Groningen ontwikkelt een AI-fabriek als motor voor innovatie en strategische onafhankelijkheid. Een goede investering, maar ik plaats een kanttekening bij het begrip 'soevereiniteit' zolang bedrijven buiten de EU en Nederland cruciale hardware en software ontwikkelen. Zonder Europees alternatief op het niveau van infrastructuur blijft echte autonomie beperkt.
De AI-fabriek in Groningen is een veelbelovende stap richting een eigen of Europees AI-ecosysteem. Maar echte digitale soevereiniteit vereist meer dan alleen software, datacenters en samenwerking. Zolang we bijvoorbeeld afhankelijk blijven van Amerikaanse GPU’s van bijvoorbeeld Nvidia, blijft de fundamentele infrastructuur buiten Europese controle.

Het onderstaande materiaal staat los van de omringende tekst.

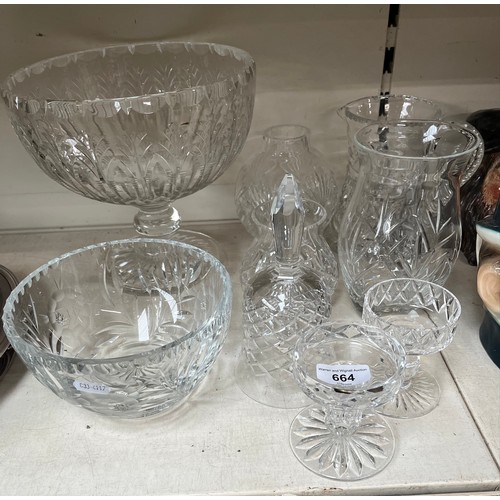 664 - Cut lead crystal - very large pedestal bowl (diameter approx 25cm, height approx 23cm) together with...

Dat roept vragen op: moeten we als Europa ook investeren in eigen hardware? En als dat niet direct haalbaar is, hoe beperken we dan de risico’s van die afhankelijkheid? Het is goed om te investeren in open standaarden en veilige data-infrastructuur, maar strategische autonomie wordt pas bereikt als alle lagen van de keten in beeld zijn. Of dat nodig en noodzakelijk is, is ook maar de vraag.
De AI-fabriek is dus geen eindpunt, maar een startpunt. Een noodzakelijke stap, mits gevolgd door investeringen in Europese technologie, op alle niveaus.